O 27 de Maio era comemorado como feriado nacional de 1977 até 1991
*Óscar Ganga
Fonte: Club-k.net
Para a história contemporânea de Angola fica registado o “fatídico” dia 27 de Maio de 1977, há 42 anos, do “massacre” de mais de 80 mil angolanos por consequência de divergências política que viria dividir o MPLA em duas alas, a de Agostinho Neto, primeiro Presidente da República Popular de Angola, e de Nito Alves, resultando num confronto político sem precedentes no seio do mesmo partido que governa Angola desde 1975, quando passavam apenas dois anos de independência do colonialismo português.

Há 28 anos que sobreviventes e familiares de quem perdeu a vida nas escaramuças constituíram-se numa fundação que, de um tempo a esta parte, vem clamando junto do partido Estado, MPLA, a quem atribuem as responsabilidades do sucedido, a devida reparação/indemnização pelos danos que a intentona provocou no âmago dos angolanos.

“Entre sim e o não”, o Governo angolano garantiu resolver o “passivo 27 de Maio”, segundo anunciou recentemente o ministro da Justiça e dos Direitos Humanos, Francisco Queiroz. Contudo, o nosso entrevistado é o vice-presidente e instituidor da “Fundação 27 de Maio”, o general José Adão Fragoso.

Por favor, acompanhe a entrevista na íntegra:

Club K: No próximo dia 27 de Maio assinalam-se 42 anos sobre os acontecimentos do 27 de Maio, enquanto as negociações decorrem há 28 anos. O ministro da Justiça e dos Direitos Humanos, Francisco Queiroz, citado pelo Jornal de Angola, anunciou recentemente pagar a reparação dos danos às vítimas. Acredita que desta vez o “passivo” será resolvido?
José Fragoso: O pronunciamento do senhor ministro é bem-vindo. Isso teve início antes de o Presidente da República seguir a Portugal e depois foi secundado pelo Presidente João Lourenço em Lisboa. De nossa parte, deixamos nas Nações Unidas uma queixa-crime. Por conta disso, foi levantada esta queixa e penso que este pronunciamento está na base da pressão interna e também externa.

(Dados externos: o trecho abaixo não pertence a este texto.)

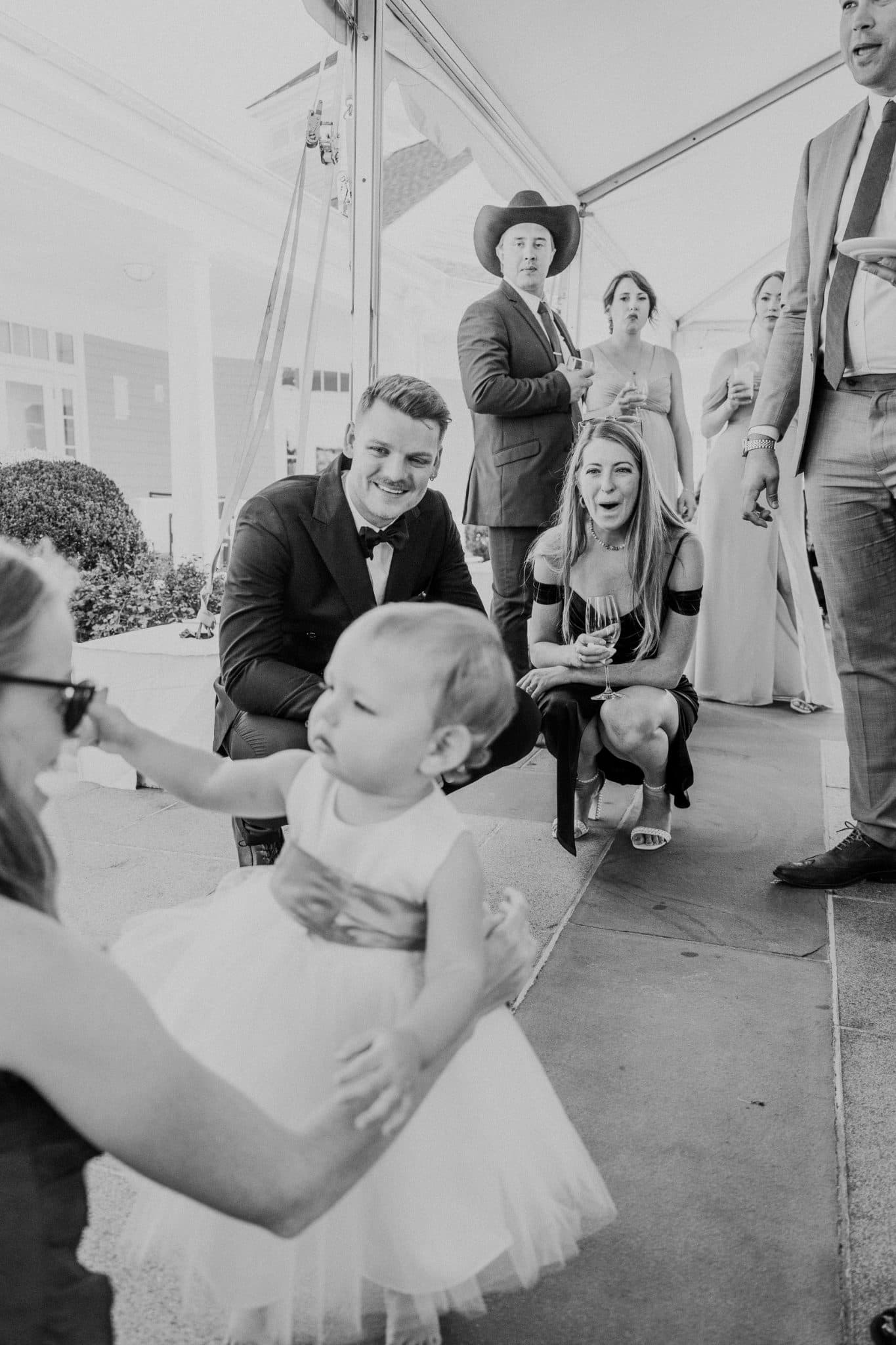 A black-and-white wedding scene shows a baby in a tutu being held, with adults in formal attire and a woman in a dress holding a glass of champagne, all under a tent.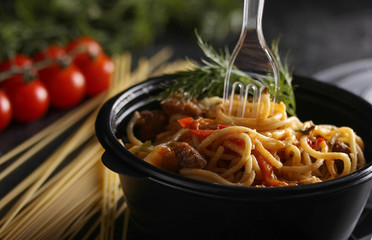 Italian cuisine. Bolognese pasta in a black plastic bowl with a fork and dill. Dry pasta, tomatoes and a bunch of dill. Macaroni with meat and vegetables. Closeup. Background image, copy space
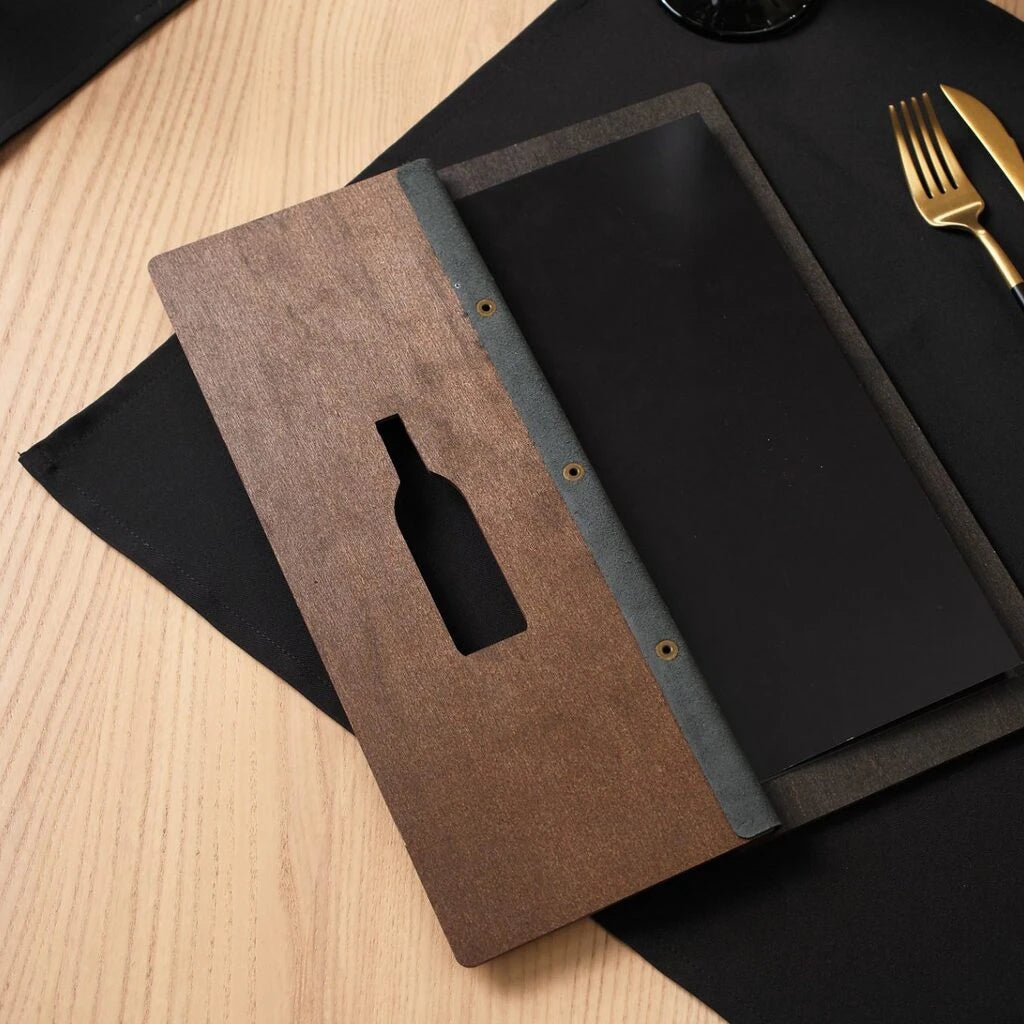 A full-length shot of the opened walnut menu folder, displaying the contrast between the dark wooden exterior and the black internal pages.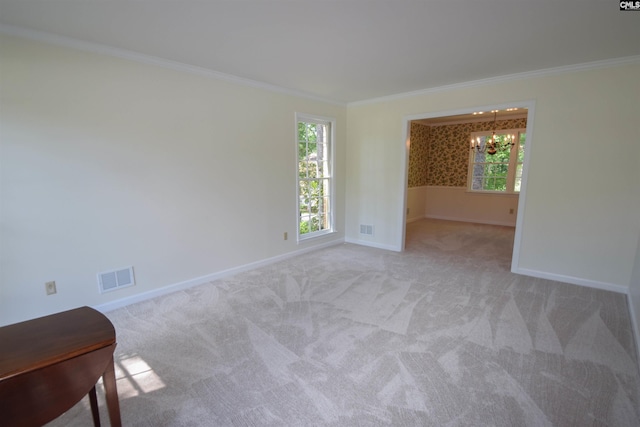 spare room featuring ornamental molding, light carpet, and a notable chandelier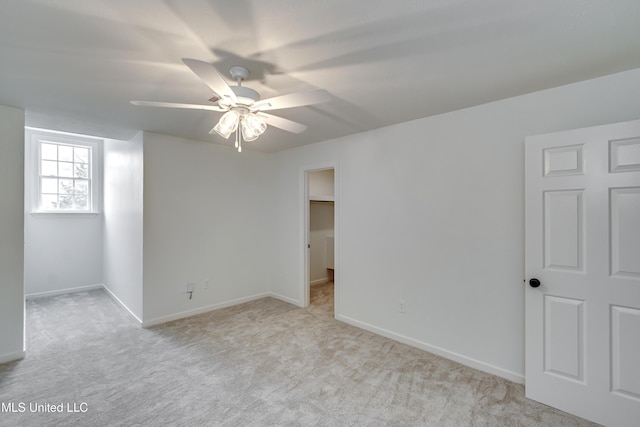 empty room featuring ceiling fan and light carpet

As negociações levam anos, qual será a próxima intervenção da fundação se o problema não for resolvido?
Pensamos que desta vez o processo vai ser resolvido. Mas é bom ser resolvido na nossa vigência, nós que tivemos envolvidos directamente no processo. Ao contrário, poderá trazer consequências graves aos nossos filhos, aos órfãos que não poderão estudar e podem vir a ser delinquentes quando souberem que os seus pais foram mortos por A ou B. Entretanto, podemos evitar isso.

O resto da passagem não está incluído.